2019 HSBC UK National Road Series – Cycle 360 Manx International Stage 4 – Matt Holmes (Madison Genesis)celebrates winning the stage and overall GC. Photo: Alex Whitehead/SWpix.com

Discussing the National Road Series, Holmes reiterates his belief that British riders at this level don’t get the opportunities they deserve.

“When I joined Raleigh, [the National Road Series] was really good. At that time there were really good British teams that were racing like Pro Continental teams. I ended up committed to the British scene, and there were only three opportunities to show ourselves, the Tour de Yorkshire, Tour of Britain, and Ride London. 

“It’s so unfair. If you’re Belgian, French, Spanish or from literally anywhere else, if you’re the best in the country then you have Pro Continental teams and you get to ride World Tour races. Whereas in the UK, we get nothing, and once you get to a certain age, it’s almost impossible.

“I think the National Road Series should be UCI races – then you would get a few foreign teams looking for points. It would be good for riders looking for teams, if they were UCI races people would look at them.”

Looking ahead, Holmes has his sights set on finally securing that elusive Grand Tour stage victory. 

“I’d like to get into the Tour de France team on merit if I have won a few races beforehand.
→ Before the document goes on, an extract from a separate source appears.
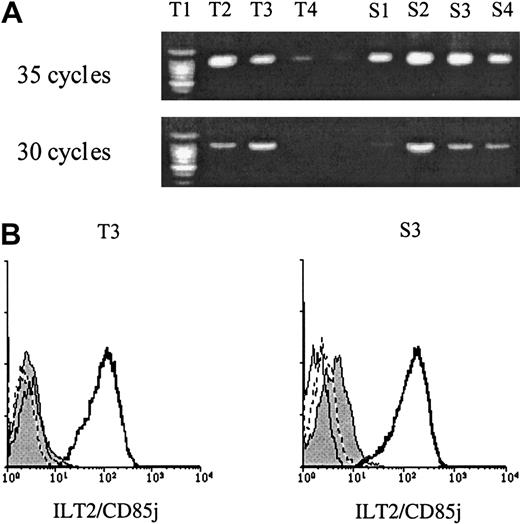 Fig. 4. ILT2 expression in PBL from healthy control patients and SS patients. / (A) PCR analysis of ILT2-specific mRNA expression in patient and control PBLs. Complementary DNA was amplified with ILT2- and G3DH-specific primers with 30 and 35 cycles of PCR. Samples were analyzed in a 1.5% agarose gel stained with ethidium bromide. No significant differences were detected in levels of ILT2-specific mRNA between PBLs from control patients (T1 to T4) and SS patients (S1 to S4). (B) Intracellular expression of ILT2 in CD4+ PBLs from a SS patient (S3) and a healthy control donor (T3). Freshly isolated PBMCs were permeabilized or not and stained with ILT2/CD85j or an isotype-matched control mAb, followed by FITC-conjugated GAM Ig. After extensive washing and blocking with normal mouse Ig, PerCP-Cy5.5-conjugated anti-CD4 mAb was added. Only CD4+gated cells were analyzed. The histograms presented correspond to permeabilized anti-ILT2–stained CD4+ cells (thick line), permeabilized isotype control–stained CD4+ cells (dotted line), nonpermeabilized anti-ILT2–stained cells (thin line, shaded), and nonpermeabilized isotype control–stained cells (thin line, unshaded).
It’s all about Caleb [Ewan], and rightly so, which only leaves one or two spaces for people with their own ambitions. I’d have to have a really good season to go, it’s obviously the dream so if I can go and try for stage wins that would be amazing.”

Alongside his Grand Tour aims, Holmes also has aspirations for some one-day races, particularly the final monument of the year, Il Lombardia. He made it a long way into this season’s edition, but he would like to go further. 

This year I’ll go back and say ‘look, I’m not going to get in the break, I’m here and I want to try to win it

“I tried to get into the break, so did an hour flat out, and then you can’t hang on. I almost did, I was there until late in the race, even having wasted a lot of energy. This year I’ll go back and say ‘look, I’m not going to get in the break, I’m here and I want to try to win it’”.

Holmes started his 2022 season at the Challenge Mallorca and looks set for a busy season at WorldTour level. 

Holmes at Lotto Soudal’s recent training camp. Photo: Joe Cotterill

He will be riding several stage races, as he heads to the UAE Tour up next, before Paris-Nice and the Tour of the Basque Country. He will also ride the Tour de Suisse in June.

Holmes will also tackle the Ardennes classics in April for the first time in his career. He takes on La Flèche Wallonne and Liège-Bastogne-Liège, races which he believes will really suit him and his style of riding. 

This is building towards the Giro d’Italia, where Holmes will have his first opportunity to secure that first Grand Tour victory this season. For the modest rider from Wigan, this would be a huge achievement and would be testament to the quality of riders that the British National Road Series produces. Holmes’ success shines a light on the series and could make the WorldTour sit up and take note. 

Featured photo: Joe Cotterill. Matt Holmes at the 2021 National Road Championships, Lincoln.